**Your instructions:** Take from the entries below the stretch from the line with "gương mặt thân quen nhí 12" through the line with "Gachibowli Hotel |", and return it exactly, leaving the pictures out.

**Records provided:**
Content starts

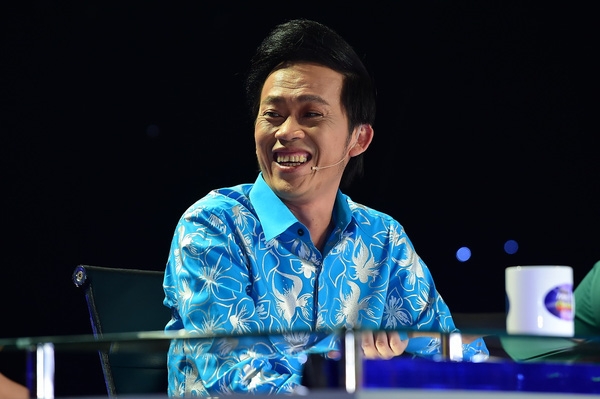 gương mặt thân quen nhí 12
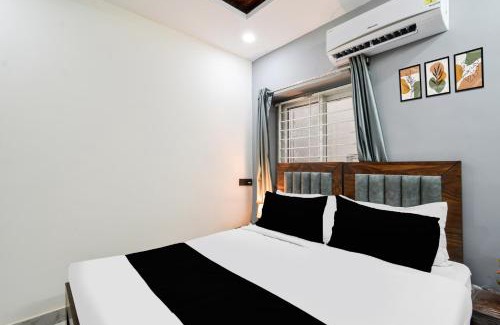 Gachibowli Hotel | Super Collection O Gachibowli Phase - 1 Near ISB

Content ends
Content starts

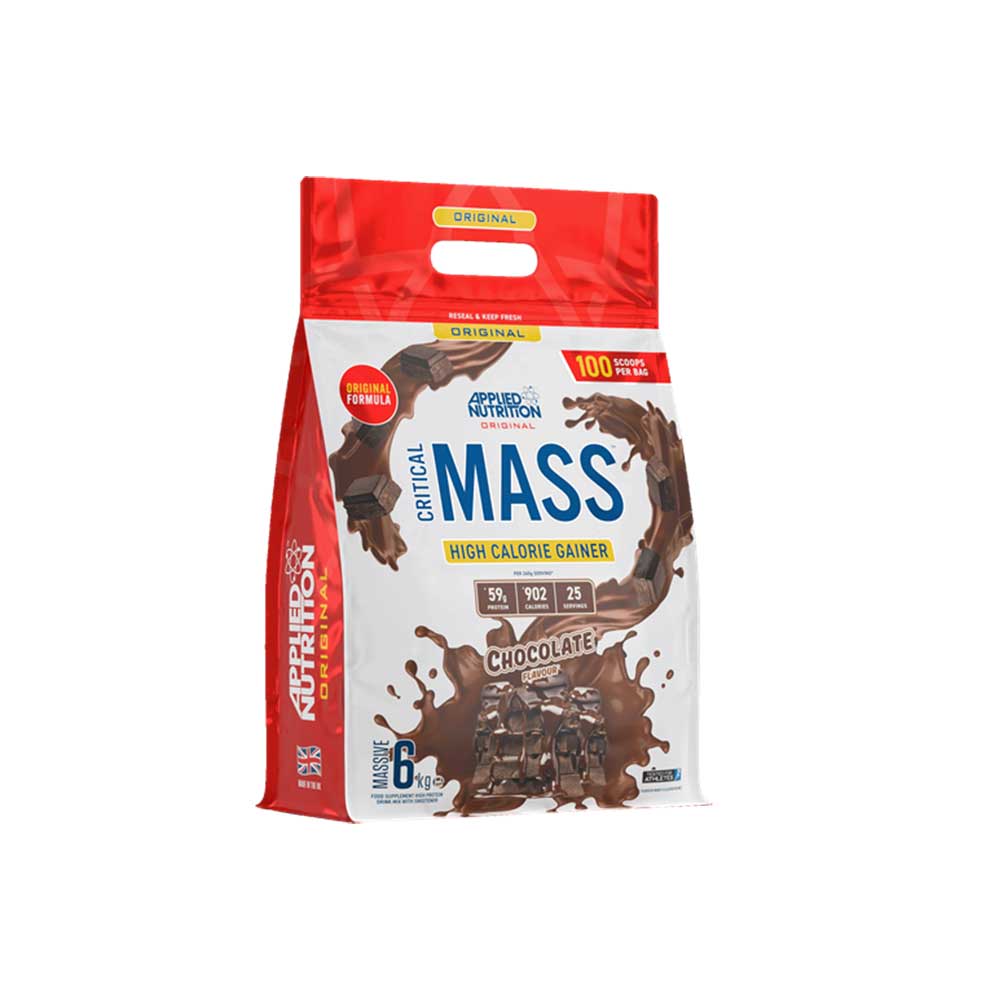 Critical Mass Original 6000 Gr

Content ends
Content starts

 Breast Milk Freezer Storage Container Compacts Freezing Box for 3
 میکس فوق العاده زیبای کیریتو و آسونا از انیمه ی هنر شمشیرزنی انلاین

Content ends

**Final answer:**
 gương mặt thân quen nhí 12
 Gachibowli Hotel | Super Collection O Gachibowli Phase - 1 Near ISB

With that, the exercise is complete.